Word for word, restate the lines of the listing below from the line with "山西洪洞大槐树景区 资料图" through the line with "Działka rolno-budowlana 3000", and do not include the pictures.

## Data extracts
========================

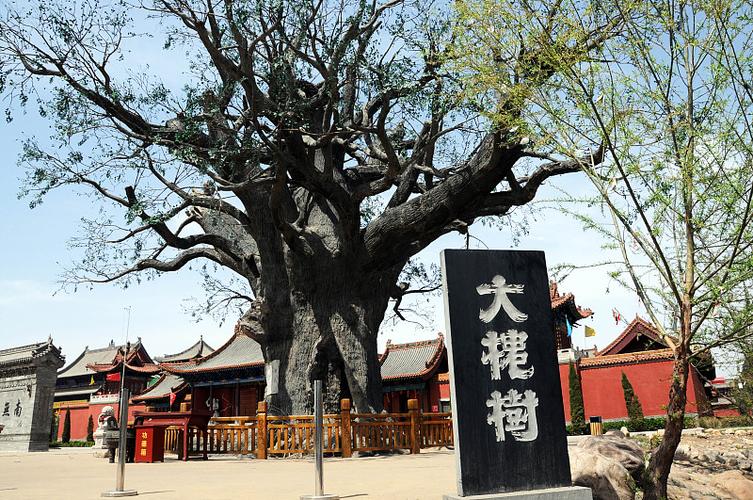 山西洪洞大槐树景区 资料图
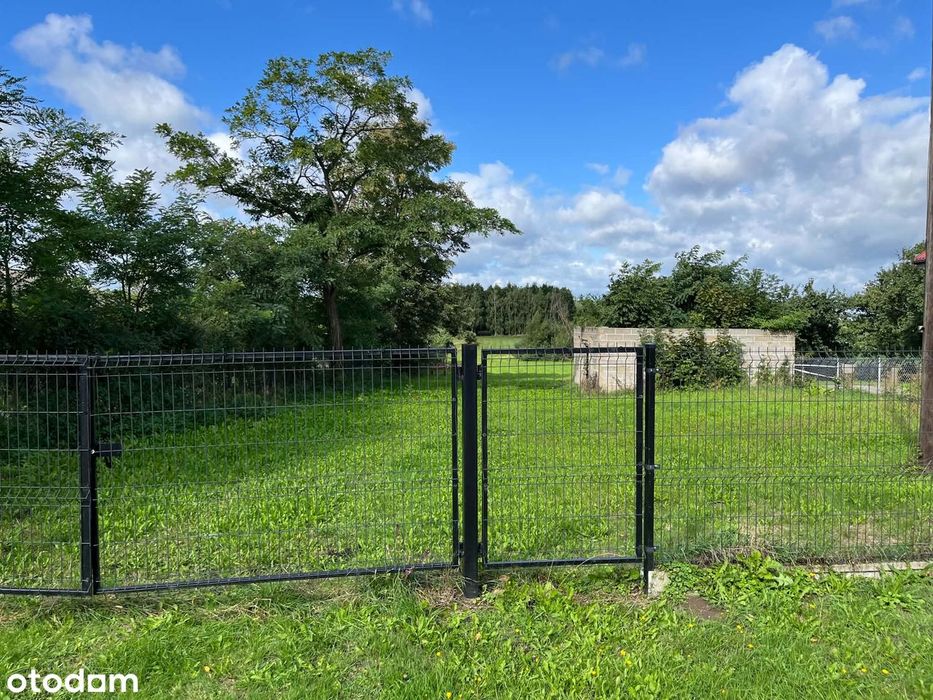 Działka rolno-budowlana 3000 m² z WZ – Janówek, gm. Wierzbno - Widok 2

========================

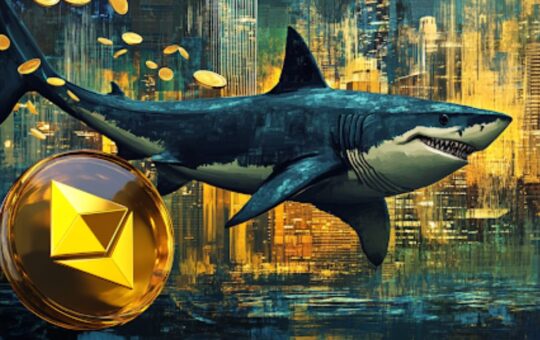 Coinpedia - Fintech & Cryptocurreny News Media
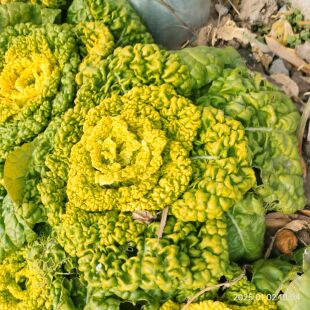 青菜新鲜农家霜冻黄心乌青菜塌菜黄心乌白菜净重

========================

## Answer to the problem
 山西洪洞大槐树景区 资料图
 Działka rolno-budowlana 3000 m² z WZ – Janówek, gm. Wierzbno - Widok 2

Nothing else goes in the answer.